Other data from today's Census release further support this job market story. The median income of working age households, omitting retirees who depend less on labor market earnings, fell 2.4 percent last year, down $1,400 and down 9 percent -- $5,700 -- since 2007 (see figure). In fact, the level of median income for these working age households -- about $55,600 -- is about the same income level this household type had -- again, in today's dollars -- in 1993, giving back all of the gains accrued in the 1990s. Meanwhile, productivity is up 50 percent since 1993.

2012-09-14-Jarebear1.png Source: Census

So where is the growth going?

Though Census data are incomplete on this point -- they include neither the capital gains that flow largely to the top of the income scale nor, as mentioned, the near cash benefits at the bottom, they still provide useful information on income inequality.

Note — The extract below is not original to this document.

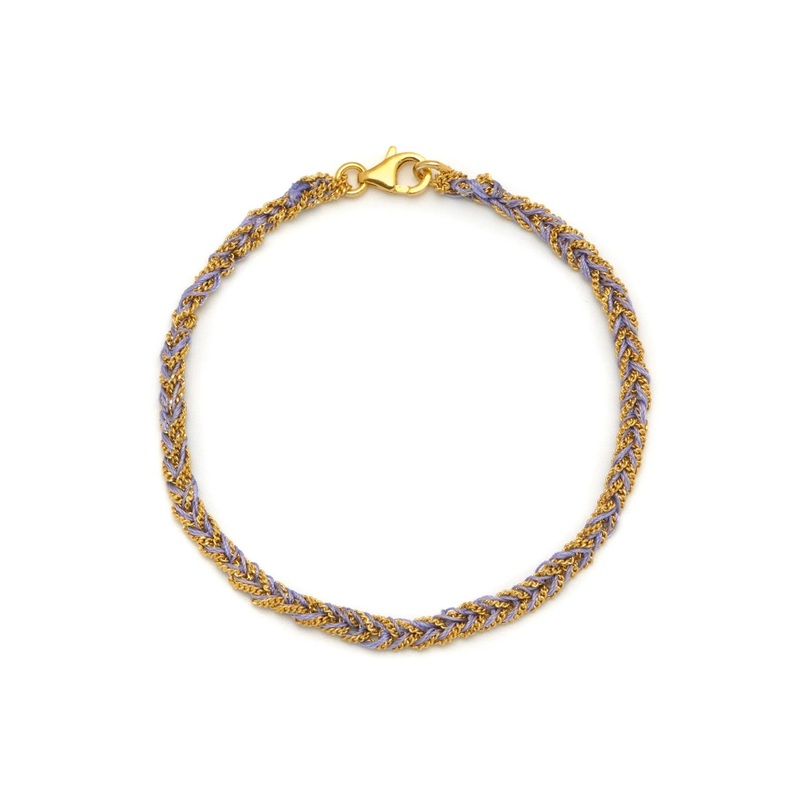 Panama Friendship Bracelet Gold and Lilac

For example, the shares of the nation's income going to each of the bottom three-fifths of households were the lowest on record last year, in data that go back to 1967, while the share of income going to the top fifth was the highest on record (see figure).

2012-09-14-jarebear2.png

The bottom 20 percent of households received just 3.2 percent of all household income in 2011, and the middle fifth of households received only 14.3 percent of the income. But the top 20 percent of households got 51.1 percent of the income in the nation, and the top 5 percent of households garnered 22.3 percent.

In short, as more of the gains of economic growth have accumulated at the top, the shares of the national income going to the bottom and middle have fallen.

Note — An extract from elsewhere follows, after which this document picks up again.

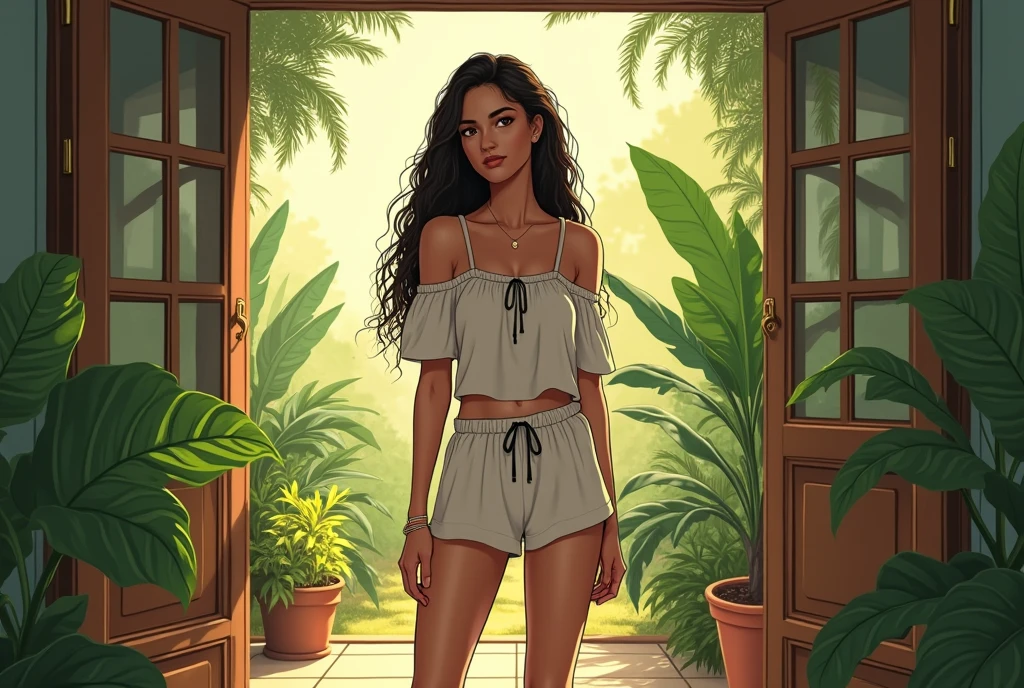 Sri Lankan sinhala style, rural woman, standing on garden, wearing loose off-shoulder top, pajama short, long curly hair, indoors and outdoor mix, soft lighting, plants in background, sky with sunlight, realistic, intricate details, warm colors, anime style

It's a stark reminder that when it comes to the living standards of middle- and low-income families, overall economic growth is necessary but not sufficient. For these families to get ahead, the economy must not only expand but that expansion must reach more households, particularly those for whom growth has been largely a spectator sport.

Policy Matters: A year ago, President Obama introduced the American Jobs Act. It included fiscal relief to help states stave off these very sorts of layoffs, as well as infrastructure investments like FAST!

The fact that Congress was unwilling to approve these jobs measures is one reason middle class families continue to struggle and why the growth that we are generating is doing an end run around them. In fact, if you think back to 2011, instead of debating jobs measures that could have helped middle class and low-income workers, what was Congress fighting about? Whether or not to default on the national debt. And now there's the specter of the fiscal cliff, another potential self-inflicted wound to an economy that needs a shot in the arm not a punch in the head.

These results carry two lessons. First, they pose yet another reminder to policy makers that austerity measures in an economy that remains well below potential with a job market that's still far too slack are exactly the wrong way to go. Second, they show that the economic problems we face are, in fact, amenable to policy intervention.

I'm, of course, not suggesting that the anti-poverty measures noted above are solving the market failure of poverty, nor are the few pieces of the ACA that are in place solving the challenge of health coverage. But they're both helping, and if policy makers were listening to these data, they'd recognize that such measures point the way forward.

Update: If you happened to note some different numbers on the income shares in the WaPo article on these data Wednesday, that's because the Census publishes two versions of this time series: the one that I cited above, and one in which households are adjusted for changes in family size. The historical results are the same except in the size-adjusted series, the share of income going to the lowest fifth is tied for the lowest on record.